YOUR ASSIGNMENT: Begin the copy at the line containing "Arlo Swing-Arm Wall" in the data below and end it at the line containing "Photo of Beautiful", keeping each line exact and leaving out pictures.

RECORD SET:
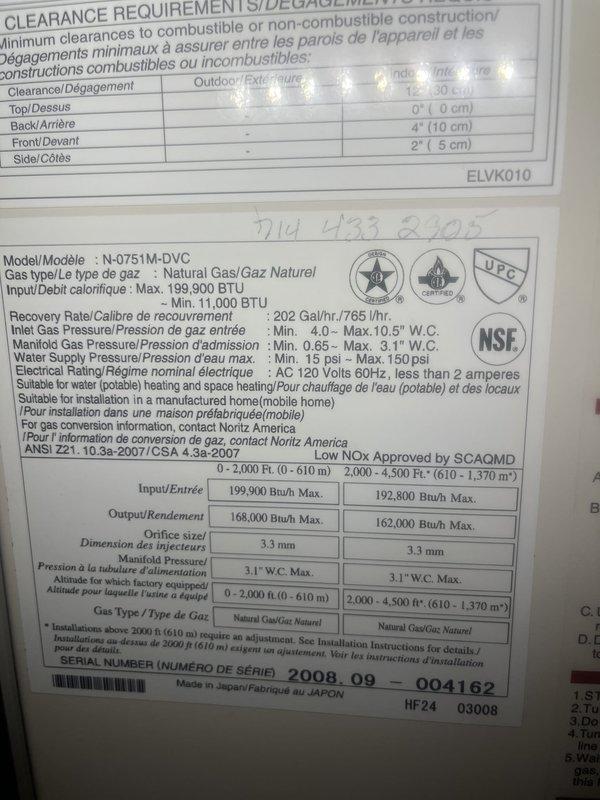 Performed comprehensive inspection and maintenance on tankless water heater unit, Model N-0751M-DVC. Completed flush and cleaning procedure to address suspected sediment buildup affecting water pressure and system performance. Documented existing unit condition including significant staining and potential water damage in installation area, and advised customer that replacement may be necessary based on findings and system age.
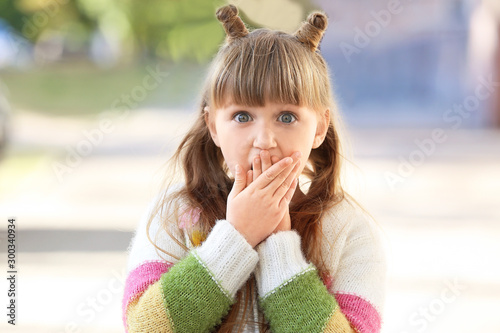 Surprised little girl walki...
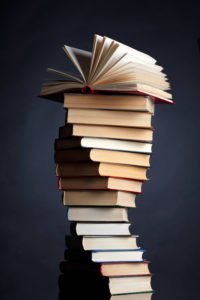 Pile of books on a black background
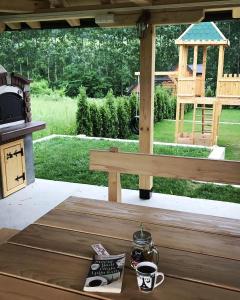 a wooden table with a cup of coffee on a patio at Drinska Idila apartmani in Vrhpolje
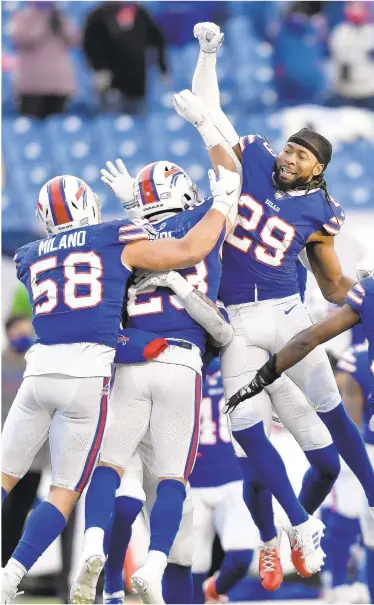  ??  ?? Bills cornerback Josh Norman celebrates with teammates after beating Colts in Buffalo on Saturday.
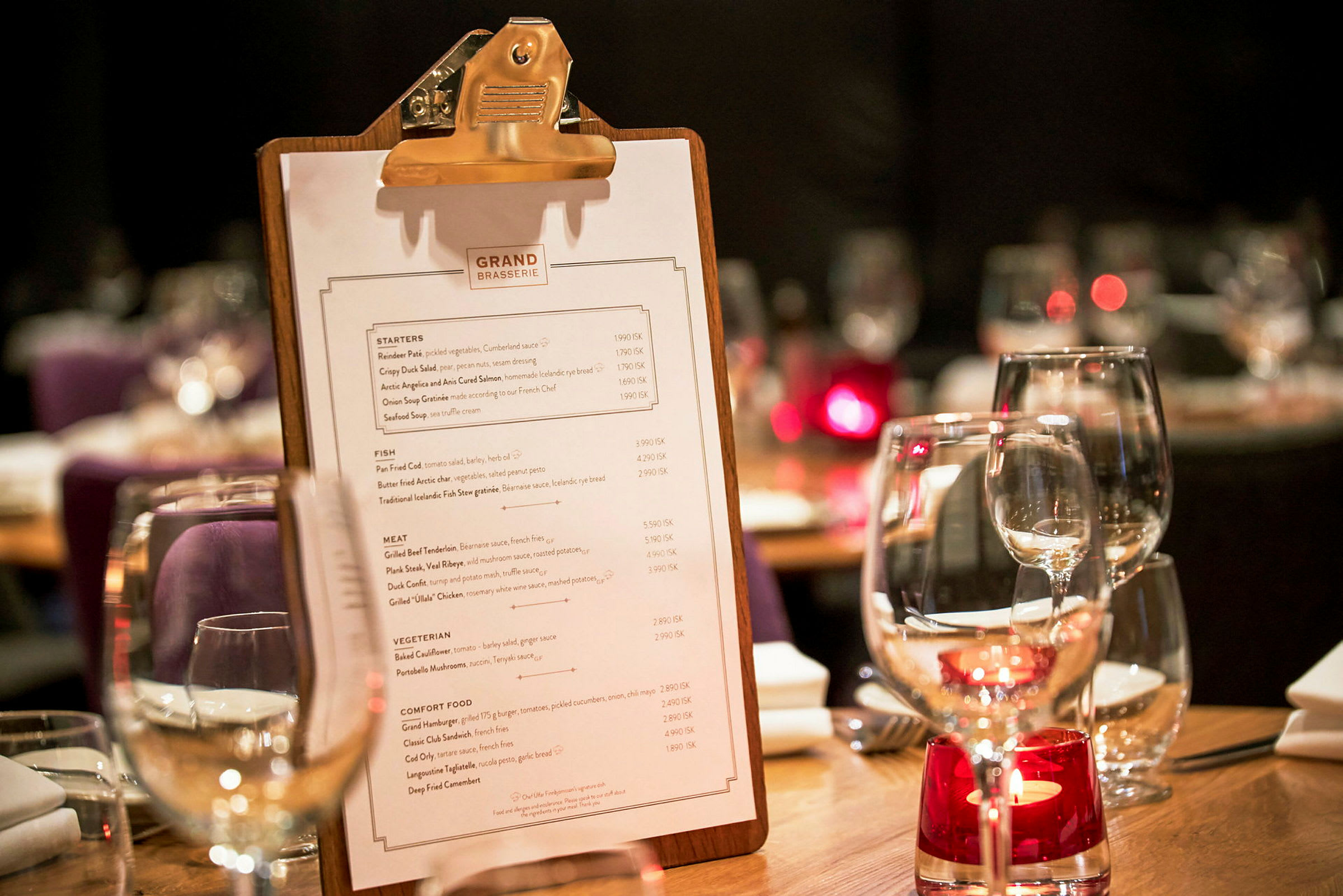 Et bord på en restaurant med en meny på en clipboard og glass med borddekorasjon. (AI-generert tekst)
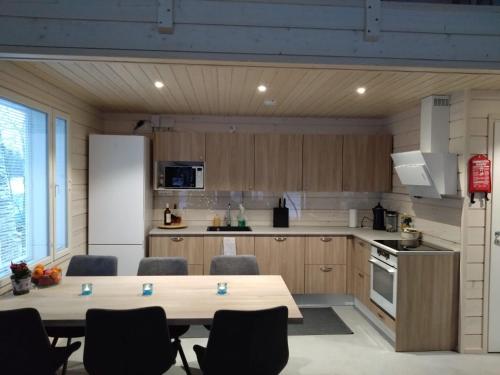 a kitchen with a table and chairs and a refrigerator at Koivuniemen Tila 3 in Säkylä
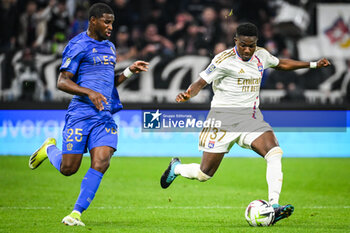 2024-02-16 - Mohamed-Ali CHO of Nice and Ernest NUAMAH of Lyon during the French championship Ligue 1 football match between Olympique Lyonnais (Lyon) and OGC Nice on February 16, 2024 at Groupama stadium in Decines-Charpieu near Lyon, France - FOOTBALL - FRENCH CHAMP - LYON V NICE - FRENCH LIGUE 1 - SOCCER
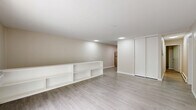 Located at 11 Farnsworth Dr in Slingerlands, NY, this single-floor, 2-bedroom, 1-bathroom home offers a well-organized and functional layout. The living room serves as the centerpiece of the home, featuring light hardwood-style flooring, neutral beige walls, and a sliding glass door that opens to a balcony, flooding the space with natural light and outdoor views of lush greenery. Built-in shelving along one wall adds practical storage and display options. The kitchen is efficiently designed in an L-shaped configuration, showcasing white cabinetry, light countertops, and a full suite of stainless steel appliances including a refrigerator, dishwasher, and electric range. Light wood-style flooring carries through this area, complementing the clean, bright aesthetic. Both bedrooms are carpeted and feature neutral tones, offering a comfortable and quiet retreat. The spacious primary bedroom includes a sliding closet, while the second bedroom also benefits from closet storage. One bedroom enjoys a large window with views of the surrounding trees, enhancing the sense of connection to the outdoors. Baseboard heating is present throughout. The full bathroom is clean and simply appointed with a tub and shower combination. The overall ambiance is understated, functional, and move-in ready.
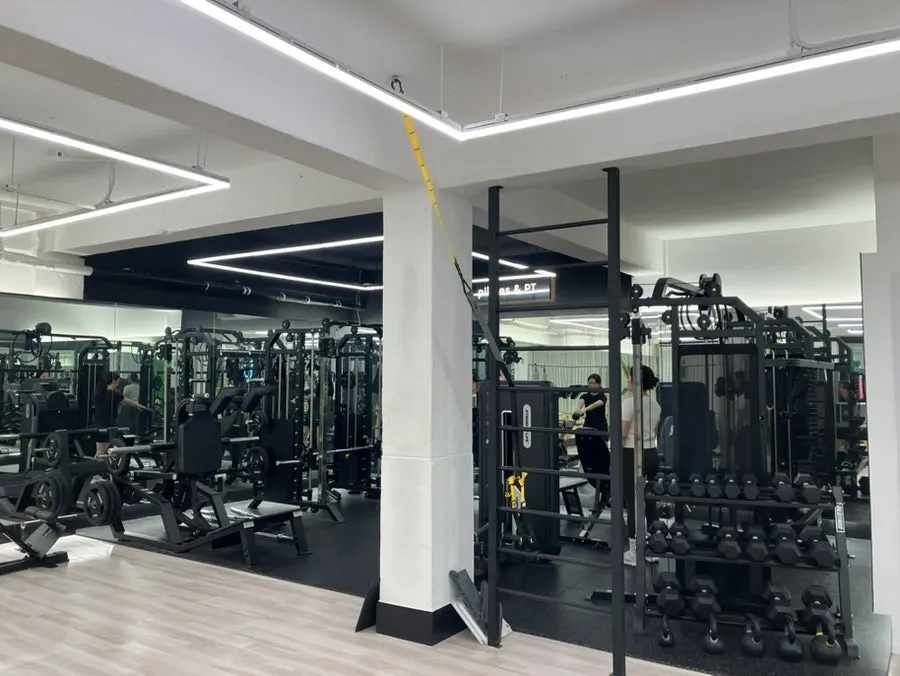 Interior split into a pilates zone and a PT zone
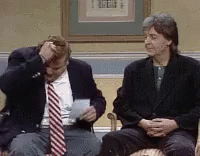Man In Suit And Tie Sitting Next To Another Man GIF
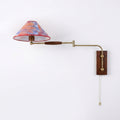 Arlo Swing-Arm Wall Sconce with Walnut Backplate
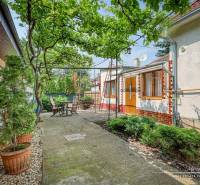 A family house on a quiet street in Trnava with a terrace and greenery.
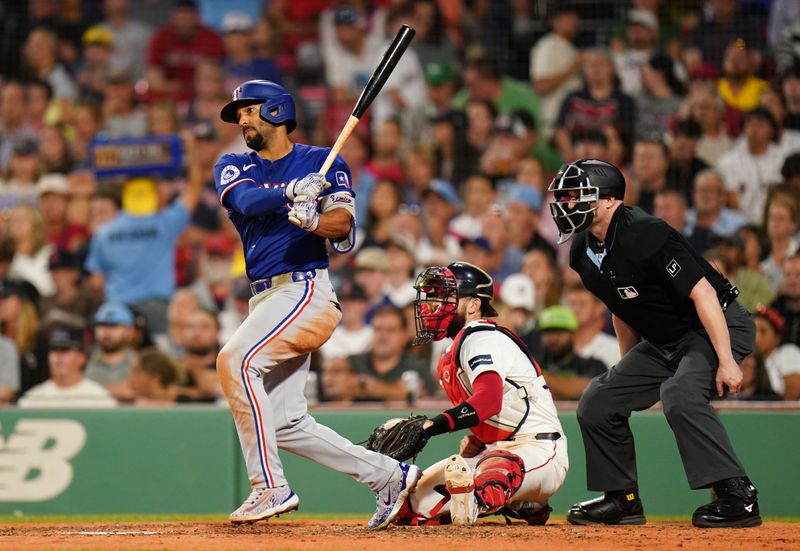 Aug 12, 2024; Boston, Massachusetts, USA; Texas Rangers second baseman Marcus Semien (2) gets a base hit too drive in a run against the Boston Red Sox in the fifth inning at Fenway Park. Mandatory Credit: David Butler II-USA TODAY Sports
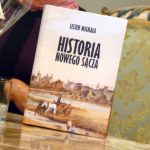 Okładka książki a na niej napis: Leszek Migrała, Historia Nowego Sącza, z tyłu zarys kobiecej postaci siedzącej na kanapie.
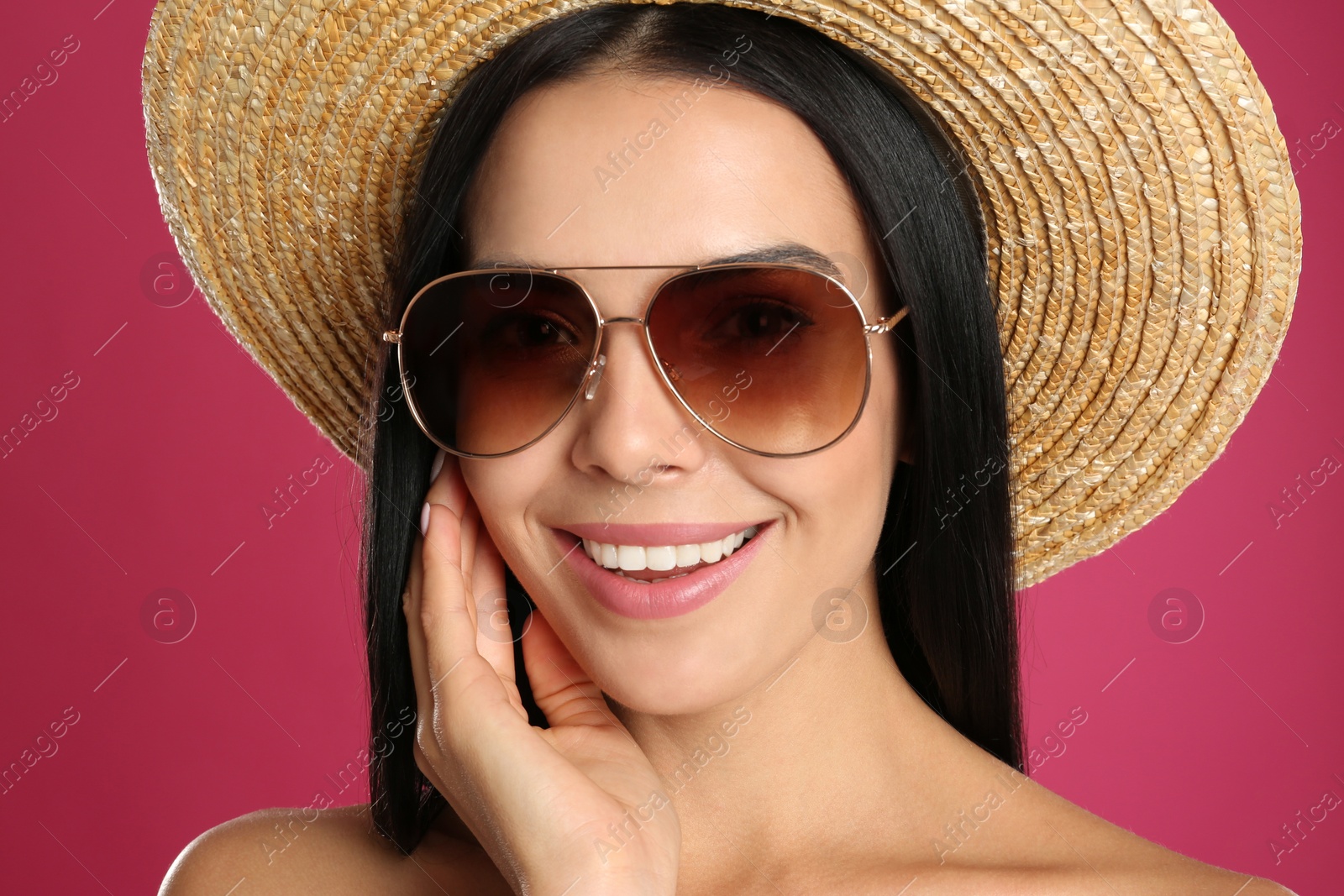 Photo of Beautiful woman wearing sunglasses on pink background, closeup
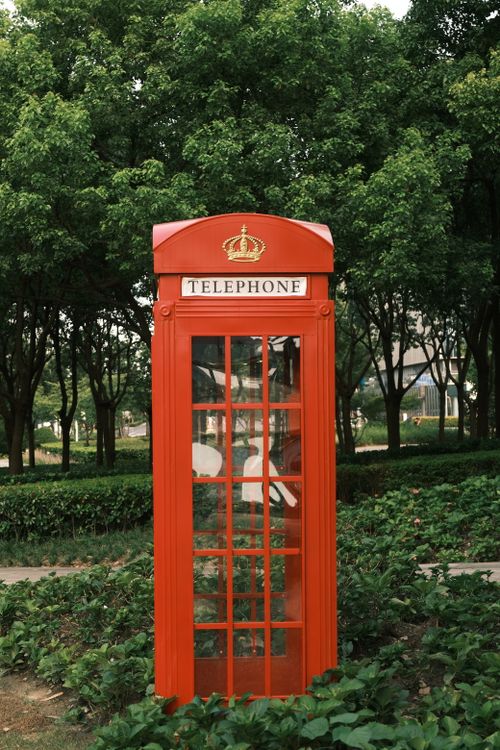 Free Classic red British telephone booth in a lush green park setting. Stock Photo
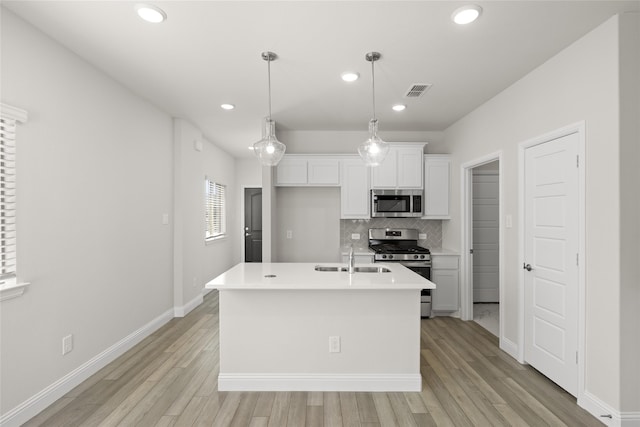 kitchen featuring light wood-type flooring, stainless steel appliances, a kitchen island with sink, sink, and white cabinets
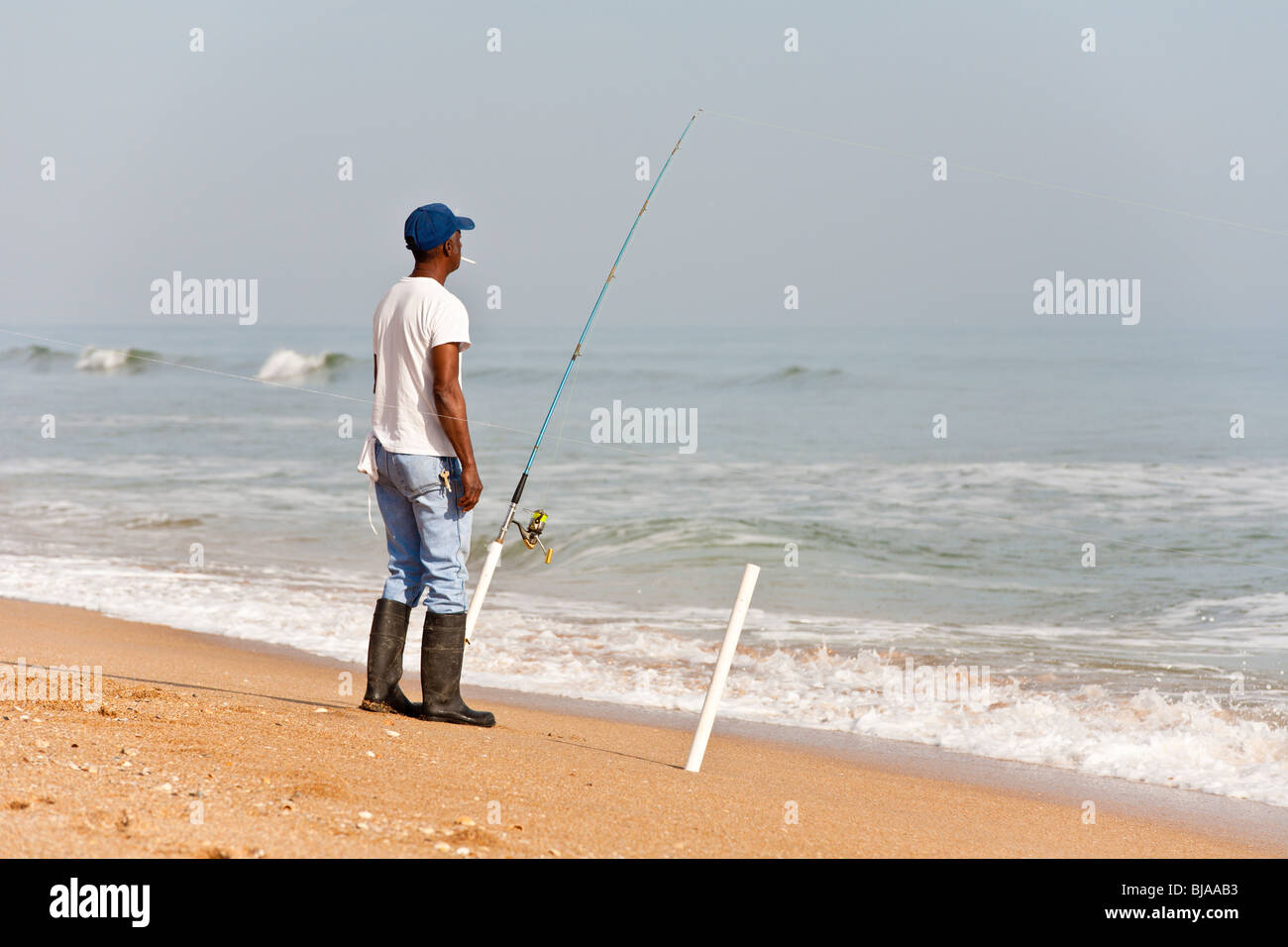 Black man smoking while cigarette while surf fishing in the Atlantic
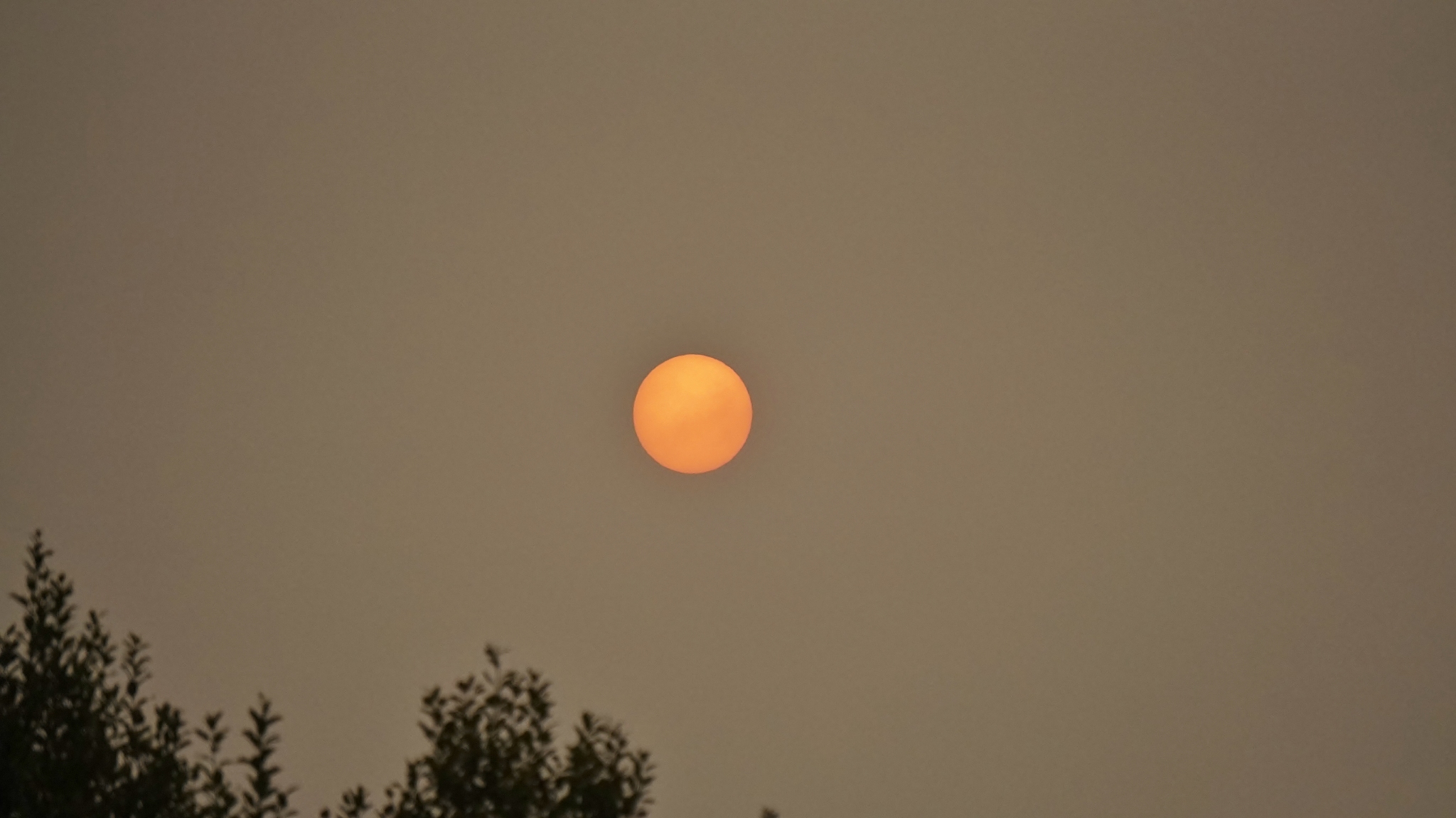 round orange sun on a grey day in corby, northamptonshire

FINISHED EXERCISE:
 Arlo Swing-Arm Wall Sconce with Walnut Backplate
 A family house on a quiet street in Trnava with a terrace and greenery.
 Aug 12, 2024; Boston, Massachusetts, USA; Texas Rangers second baseman Marcus Semien (2) gets a base hit too drive in a run against the Boston Red Sox in the fifth inning at Fenway Park. Mandatory Credit: David Butler II-USA TODAY Sports
 Okładka książki a na niej napis: Leszek Migrała, Historia Nowego Sącza, z tyłu zarys kobiecej postaci siedzącej na kanapie.
 Photo of Beautiful woman wearing sunglasses on pink background, closeup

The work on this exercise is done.